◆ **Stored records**
====================

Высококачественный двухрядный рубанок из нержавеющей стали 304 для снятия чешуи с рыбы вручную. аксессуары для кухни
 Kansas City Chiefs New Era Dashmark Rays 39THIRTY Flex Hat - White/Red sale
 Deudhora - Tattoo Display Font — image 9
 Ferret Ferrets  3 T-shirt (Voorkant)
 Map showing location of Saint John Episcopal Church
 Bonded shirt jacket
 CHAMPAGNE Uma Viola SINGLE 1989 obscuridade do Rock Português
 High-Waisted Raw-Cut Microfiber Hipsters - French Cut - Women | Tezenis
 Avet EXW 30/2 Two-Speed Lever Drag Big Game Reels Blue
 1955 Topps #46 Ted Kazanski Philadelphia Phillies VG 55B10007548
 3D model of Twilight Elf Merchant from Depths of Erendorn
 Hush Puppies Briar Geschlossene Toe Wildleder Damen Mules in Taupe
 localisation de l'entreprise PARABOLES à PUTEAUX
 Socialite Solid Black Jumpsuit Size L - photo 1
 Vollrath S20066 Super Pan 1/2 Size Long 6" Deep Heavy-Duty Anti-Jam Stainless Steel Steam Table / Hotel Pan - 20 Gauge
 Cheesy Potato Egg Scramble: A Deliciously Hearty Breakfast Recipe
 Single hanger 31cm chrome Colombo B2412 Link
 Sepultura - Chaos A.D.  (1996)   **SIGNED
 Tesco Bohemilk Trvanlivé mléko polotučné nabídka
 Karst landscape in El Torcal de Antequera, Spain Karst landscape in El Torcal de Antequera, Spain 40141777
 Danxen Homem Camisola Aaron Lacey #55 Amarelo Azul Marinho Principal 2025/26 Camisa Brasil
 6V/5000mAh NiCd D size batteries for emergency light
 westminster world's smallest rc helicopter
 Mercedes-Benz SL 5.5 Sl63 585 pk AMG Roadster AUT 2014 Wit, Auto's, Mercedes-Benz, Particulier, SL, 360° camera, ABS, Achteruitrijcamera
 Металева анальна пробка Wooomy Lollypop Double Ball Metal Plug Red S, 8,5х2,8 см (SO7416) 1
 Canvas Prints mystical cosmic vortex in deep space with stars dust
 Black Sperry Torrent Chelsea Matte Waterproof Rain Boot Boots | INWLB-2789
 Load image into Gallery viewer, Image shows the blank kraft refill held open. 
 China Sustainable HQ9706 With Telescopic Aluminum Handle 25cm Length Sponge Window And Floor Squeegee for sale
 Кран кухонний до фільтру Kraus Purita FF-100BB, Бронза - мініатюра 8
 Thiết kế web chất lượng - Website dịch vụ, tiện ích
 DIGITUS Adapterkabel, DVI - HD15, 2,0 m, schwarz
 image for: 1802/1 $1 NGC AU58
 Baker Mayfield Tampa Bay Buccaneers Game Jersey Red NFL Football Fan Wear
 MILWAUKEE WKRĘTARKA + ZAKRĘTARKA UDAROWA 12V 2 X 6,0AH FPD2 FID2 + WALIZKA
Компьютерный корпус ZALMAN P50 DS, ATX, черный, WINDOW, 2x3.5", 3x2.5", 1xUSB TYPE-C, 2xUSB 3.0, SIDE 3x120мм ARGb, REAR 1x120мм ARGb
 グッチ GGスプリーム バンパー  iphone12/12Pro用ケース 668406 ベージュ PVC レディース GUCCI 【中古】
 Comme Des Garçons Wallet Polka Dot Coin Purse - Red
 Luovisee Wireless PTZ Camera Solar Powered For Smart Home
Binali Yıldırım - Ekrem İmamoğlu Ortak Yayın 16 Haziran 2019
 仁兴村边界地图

====================

◆ **Problem**
The lines above, starting at the one with "Bonded shirt jacket" and ending at the one with "3D model of", are the only ones to return, exactly as written.

◆ **Output of the exercise**
 Bonded shirt jacket
 CHAMPAGNE Uma Viola SINGLE 1989 obscuridade do Rock Português
 High-Waisted Raw-Cut Microfiber Hipsters - French Cut - Women | Tezenis
 Avet EXW 30/2 Two-Speed Lever Drag Big Game Reels Blue
 1955 Topps #46 Ted Kazanski Philadelphia Phillies VG 55B10007548
 3D model of Twilight Elf Merchant from Depths of Erendorn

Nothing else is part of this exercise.